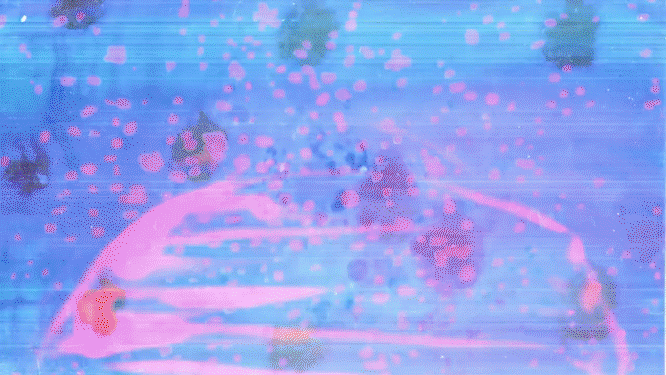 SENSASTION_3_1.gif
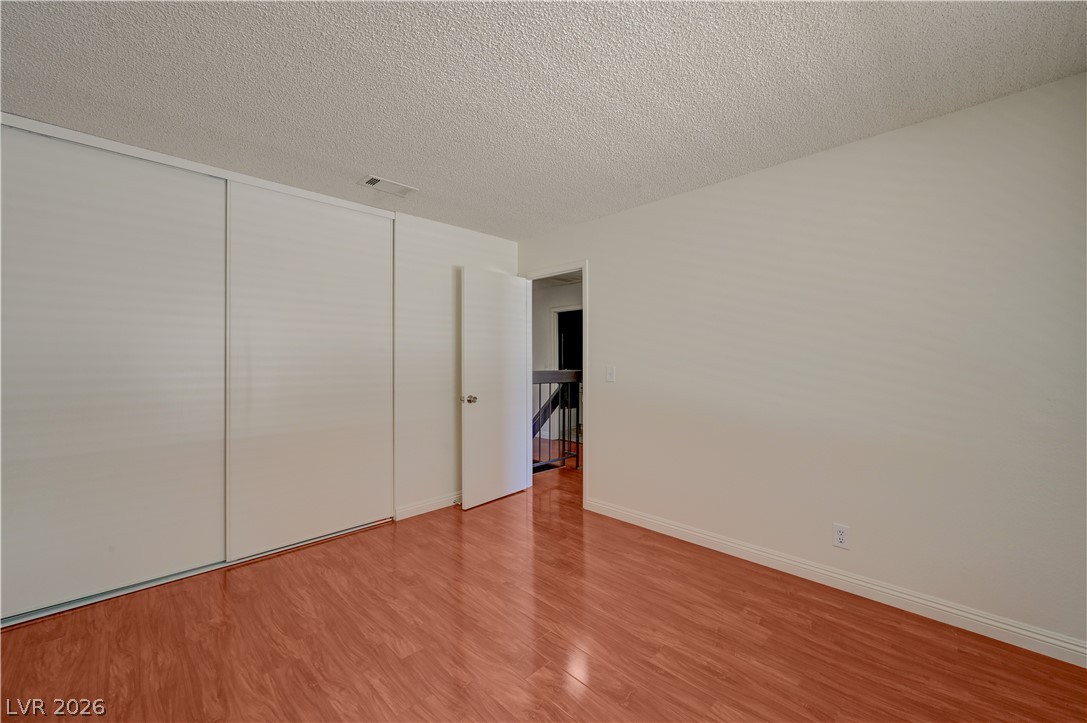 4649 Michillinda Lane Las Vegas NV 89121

====================

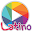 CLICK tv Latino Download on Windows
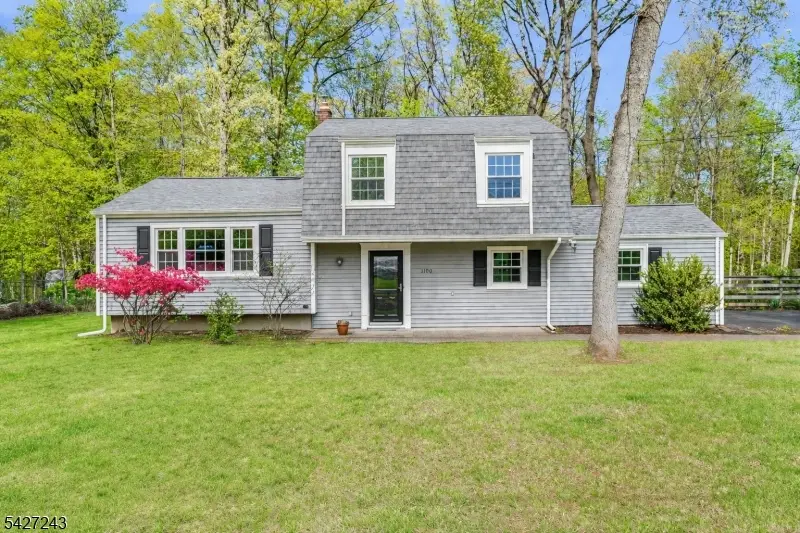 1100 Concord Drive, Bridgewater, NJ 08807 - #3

====================

» **DIRECTIONS FOR THIS TASK**:
Start with the line with "SENSASTION_3_1.gif" in the listing above and stop after the line with "4649 Michillinda Lane Las Vegas NV 89121". Write out exactly the lines in that stretch and no others, without pictures.

» **WRITTEN REPLY**:
 SENSASTION_3_1.gif
 4649 Michillinda Lane Las Vegas NV 89121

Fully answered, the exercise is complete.